**Records**
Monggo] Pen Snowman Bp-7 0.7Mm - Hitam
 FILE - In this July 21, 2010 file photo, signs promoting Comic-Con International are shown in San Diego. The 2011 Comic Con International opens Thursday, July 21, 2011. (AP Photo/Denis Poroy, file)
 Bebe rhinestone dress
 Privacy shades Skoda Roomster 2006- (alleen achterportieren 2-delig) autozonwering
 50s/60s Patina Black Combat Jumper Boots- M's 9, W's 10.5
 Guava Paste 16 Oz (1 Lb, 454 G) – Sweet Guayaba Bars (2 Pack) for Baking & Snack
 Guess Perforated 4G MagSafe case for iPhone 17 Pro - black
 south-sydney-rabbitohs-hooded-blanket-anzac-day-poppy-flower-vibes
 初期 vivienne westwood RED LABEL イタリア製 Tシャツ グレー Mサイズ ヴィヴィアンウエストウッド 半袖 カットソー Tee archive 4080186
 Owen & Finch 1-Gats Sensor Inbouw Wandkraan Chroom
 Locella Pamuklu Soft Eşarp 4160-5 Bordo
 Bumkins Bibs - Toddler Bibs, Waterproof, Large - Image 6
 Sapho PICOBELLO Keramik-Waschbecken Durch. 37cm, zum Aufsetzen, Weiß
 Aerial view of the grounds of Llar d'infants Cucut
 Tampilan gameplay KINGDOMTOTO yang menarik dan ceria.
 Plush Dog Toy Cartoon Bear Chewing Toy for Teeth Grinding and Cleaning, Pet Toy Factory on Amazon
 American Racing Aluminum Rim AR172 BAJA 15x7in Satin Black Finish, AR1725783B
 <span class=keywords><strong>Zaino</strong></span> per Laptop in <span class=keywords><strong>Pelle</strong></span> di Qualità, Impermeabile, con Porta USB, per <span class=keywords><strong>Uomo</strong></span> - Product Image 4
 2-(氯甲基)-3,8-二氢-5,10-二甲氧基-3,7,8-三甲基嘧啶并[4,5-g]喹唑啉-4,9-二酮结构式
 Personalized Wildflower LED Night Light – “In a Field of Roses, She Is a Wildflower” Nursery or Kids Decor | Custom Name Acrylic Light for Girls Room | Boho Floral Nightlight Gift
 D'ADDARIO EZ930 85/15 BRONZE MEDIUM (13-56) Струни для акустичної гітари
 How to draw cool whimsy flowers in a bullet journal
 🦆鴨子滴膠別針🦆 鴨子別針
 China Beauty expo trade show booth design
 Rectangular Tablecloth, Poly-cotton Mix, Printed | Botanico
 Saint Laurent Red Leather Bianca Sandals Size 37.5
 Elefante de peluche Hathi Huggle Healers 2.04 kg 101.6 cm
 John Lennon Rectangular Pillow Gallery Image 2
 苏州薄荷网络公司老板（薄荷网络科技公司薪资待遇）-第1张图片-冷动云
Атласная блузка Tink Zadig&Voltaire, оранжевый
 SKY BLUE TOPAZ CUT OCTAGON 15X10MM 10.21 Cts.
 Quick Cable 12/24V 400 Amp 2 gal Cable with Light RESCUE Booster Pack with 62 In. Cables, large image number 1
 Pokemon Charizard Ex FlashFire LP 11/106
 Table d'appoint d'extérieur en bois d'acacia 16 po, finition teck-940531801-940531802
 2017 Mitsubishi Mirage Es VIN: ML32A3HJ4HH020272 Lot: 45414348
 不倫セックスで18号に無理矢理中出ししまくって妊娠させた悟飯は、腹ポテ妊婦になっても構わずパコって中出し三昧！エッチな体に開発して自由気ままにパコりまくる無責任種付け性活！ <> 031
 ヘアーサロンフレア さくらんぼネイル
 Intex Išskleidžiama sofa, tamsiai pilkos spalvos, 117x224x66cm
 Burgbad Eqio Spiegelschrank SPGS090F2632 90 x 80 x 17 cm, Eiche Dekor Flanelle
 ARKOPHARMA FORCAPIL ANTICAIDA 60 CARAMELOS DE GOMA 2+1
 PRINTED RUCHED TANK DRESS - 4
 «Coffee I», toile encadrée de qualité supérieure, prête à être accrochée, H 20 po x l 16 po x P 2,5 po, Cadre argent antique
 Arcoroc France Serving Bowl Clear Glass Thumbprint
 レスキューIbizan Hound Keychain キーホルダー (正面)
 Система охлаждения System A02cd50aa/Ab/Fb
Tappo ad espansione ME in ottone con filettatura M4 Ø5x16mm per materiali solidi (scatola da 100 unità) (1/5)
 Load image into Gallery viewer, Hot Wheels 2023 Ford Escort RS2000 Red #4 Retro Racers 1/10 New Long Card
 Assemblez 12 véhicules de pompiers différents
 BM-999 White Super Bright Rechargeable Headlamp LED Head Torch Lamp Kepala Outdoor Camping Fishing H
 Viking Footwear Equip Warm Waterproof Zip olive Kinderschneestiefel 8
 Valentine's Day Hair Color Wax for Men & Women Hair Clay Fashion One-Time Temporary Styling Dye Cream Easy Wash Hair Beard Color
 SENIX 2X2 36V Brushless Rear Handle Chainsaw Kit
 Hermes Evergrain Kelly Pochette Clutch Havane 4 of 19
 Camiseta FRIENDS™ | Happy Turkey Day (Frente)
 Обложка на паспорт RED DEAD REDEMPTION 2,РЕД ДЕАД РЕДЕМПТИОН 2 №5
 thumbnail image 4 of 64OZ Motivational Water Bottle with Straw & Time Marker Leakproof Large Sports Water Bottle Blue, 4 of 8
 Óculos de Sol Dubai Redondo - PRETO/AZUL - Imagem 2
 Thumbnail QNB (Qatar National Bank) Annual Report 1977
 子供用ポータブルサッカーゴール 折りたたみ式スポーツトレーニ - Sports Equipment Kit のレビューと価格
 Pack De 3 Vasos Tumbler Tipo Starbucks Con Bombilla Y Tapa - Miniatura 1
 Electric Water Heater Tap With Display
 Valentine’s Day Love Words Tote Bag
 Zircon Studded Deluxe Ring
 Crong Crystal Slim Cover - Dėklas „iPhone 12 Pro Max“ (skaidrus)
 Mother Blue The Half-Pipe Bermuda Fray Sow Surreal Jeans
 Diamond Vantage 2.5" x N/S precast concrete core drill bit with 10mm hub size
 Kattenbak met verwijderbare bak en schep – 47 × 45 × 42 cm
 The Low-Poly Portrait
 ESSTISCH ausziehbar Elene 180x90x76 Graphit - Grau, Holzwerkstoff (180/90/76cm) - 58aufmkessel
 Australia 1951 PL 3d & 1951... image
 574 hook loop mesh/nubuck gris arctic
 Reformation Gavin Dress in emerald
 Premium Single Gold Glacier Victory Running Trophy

**What is being asked**
Where the string "Time" occurs in the data, return the whole line.

**Answer to this exercise**
 Valentine's Day Hair Color Wax for Men & Women Hair Clay Fashion One-Time Temporary Styling Dye Cream Easy Wash Hair Beard Color
 thumbnail image 4 of 64OZ Motivational Water Bottle with Straw & Time Marker Leakproof Large Sports Water Bottle Blue, 4 of 8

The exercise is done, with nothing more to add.